Items listed in a dataset:

- - -

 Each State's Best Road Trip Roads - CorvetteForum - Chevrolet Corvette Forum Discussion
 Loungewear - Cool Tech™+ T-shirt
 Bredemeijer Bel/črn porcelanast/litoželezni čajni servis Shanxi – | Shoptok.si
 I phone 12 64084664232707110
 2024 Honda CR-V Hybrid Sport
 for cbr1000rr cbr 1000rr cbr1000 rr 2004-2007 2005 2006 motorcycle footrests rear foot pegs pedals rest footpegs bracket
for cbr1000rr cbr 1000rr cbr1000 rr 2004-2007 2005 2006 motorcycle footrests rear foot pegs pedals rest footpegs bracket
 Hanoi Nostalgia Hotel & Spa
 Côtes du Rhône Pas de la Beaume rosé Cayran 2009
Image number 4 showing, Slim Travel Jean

- - -

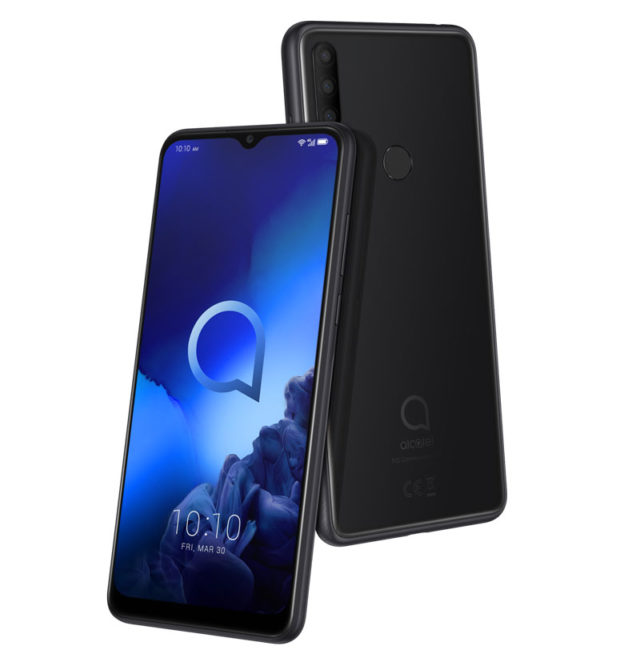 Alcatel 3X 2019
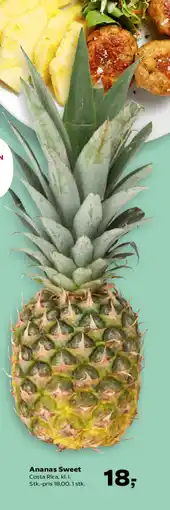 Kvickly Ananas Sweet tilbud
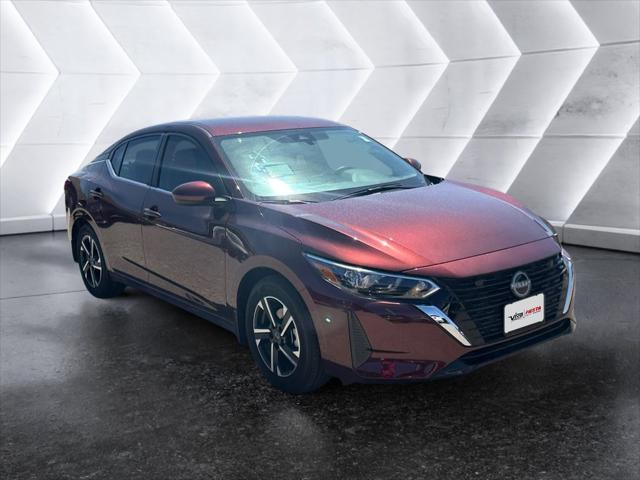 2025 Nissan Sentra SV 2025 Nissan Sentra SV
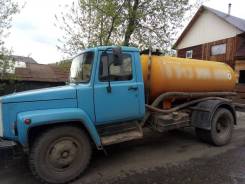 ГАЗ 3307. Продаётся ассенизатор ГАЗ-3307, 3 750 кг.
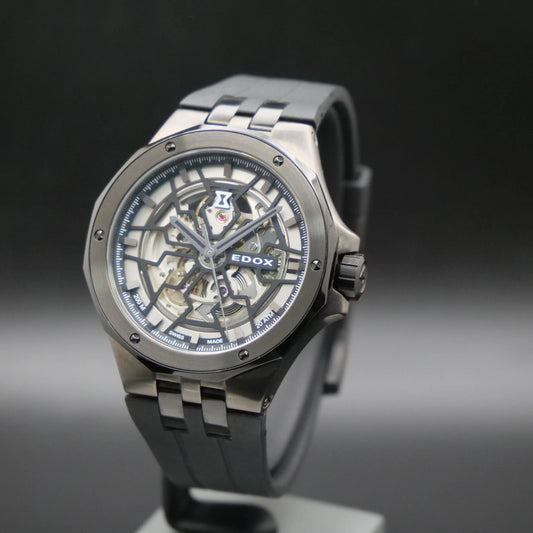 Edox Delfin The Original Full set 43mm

- - -

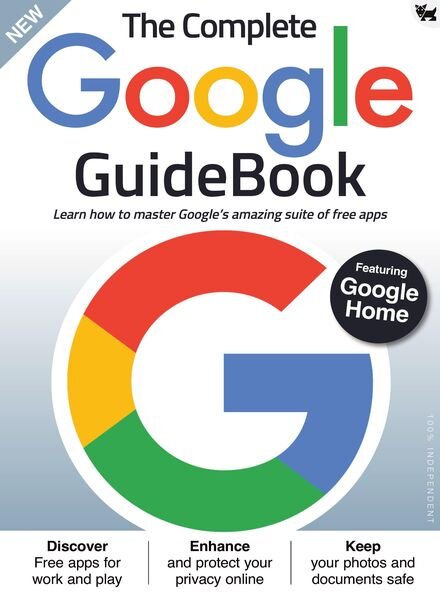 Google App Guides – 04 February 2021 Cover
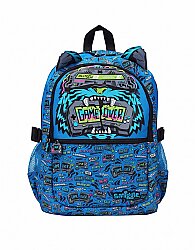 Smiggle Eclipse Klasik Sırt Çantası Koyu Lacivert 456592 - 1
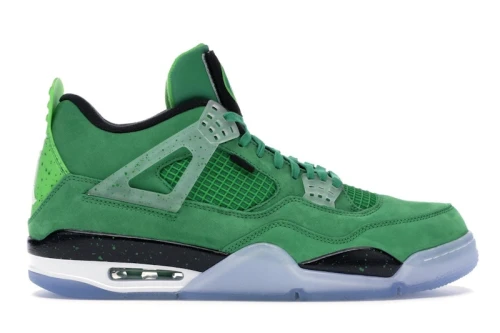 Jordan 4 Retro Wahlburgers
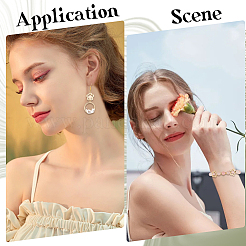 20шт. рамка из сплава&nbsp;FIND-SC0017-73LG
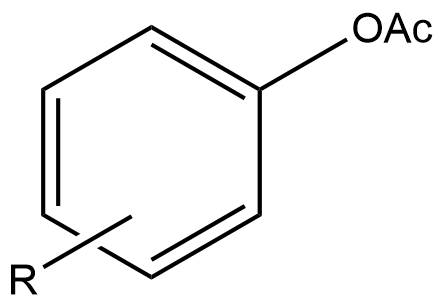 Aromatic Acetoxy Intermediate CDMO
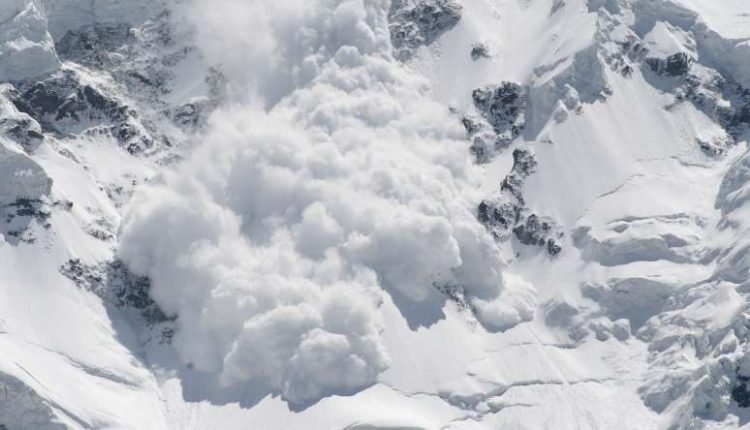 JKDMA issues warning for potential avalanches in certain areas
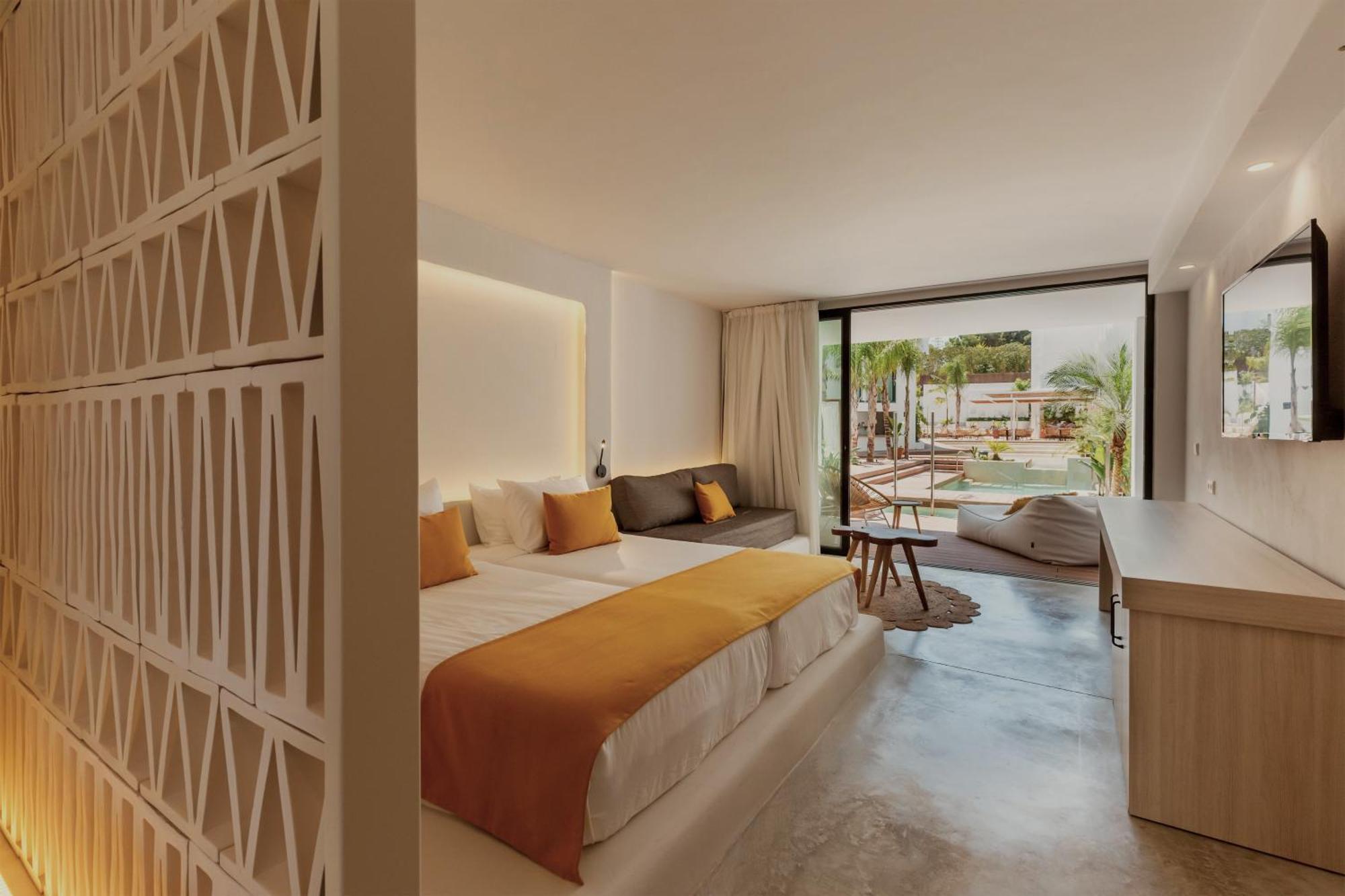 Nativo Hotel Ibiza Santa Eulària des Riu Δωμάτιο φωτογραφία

- - -

# [Your objective]
Which part of the entries opens with the line containing "Google App Guides – 04 February 2021 Cover" and closes with the line containing "Nativo Hotel Ibiza"? Output that part exactly, ends included, pictures excluded.

# [Response below]
 Google App Guides – 04 February 2021 Cover
 Smiggle Eclipse Klasik Sırt Çantası Koyu Lacivert 456592 - 1
 Jordan 4 Retro Wahlburgers
 20шт. рамка из сплава&nbsp;FIND-SC0017-73LG
 Aromatic Acetoxy Intermediate CDMO
 JKDMA issues warning for potential avalanches in certain areas
 Nativo Hotel Ibiza Santa Eulària des Riu Δωμάτιο φωτογραφία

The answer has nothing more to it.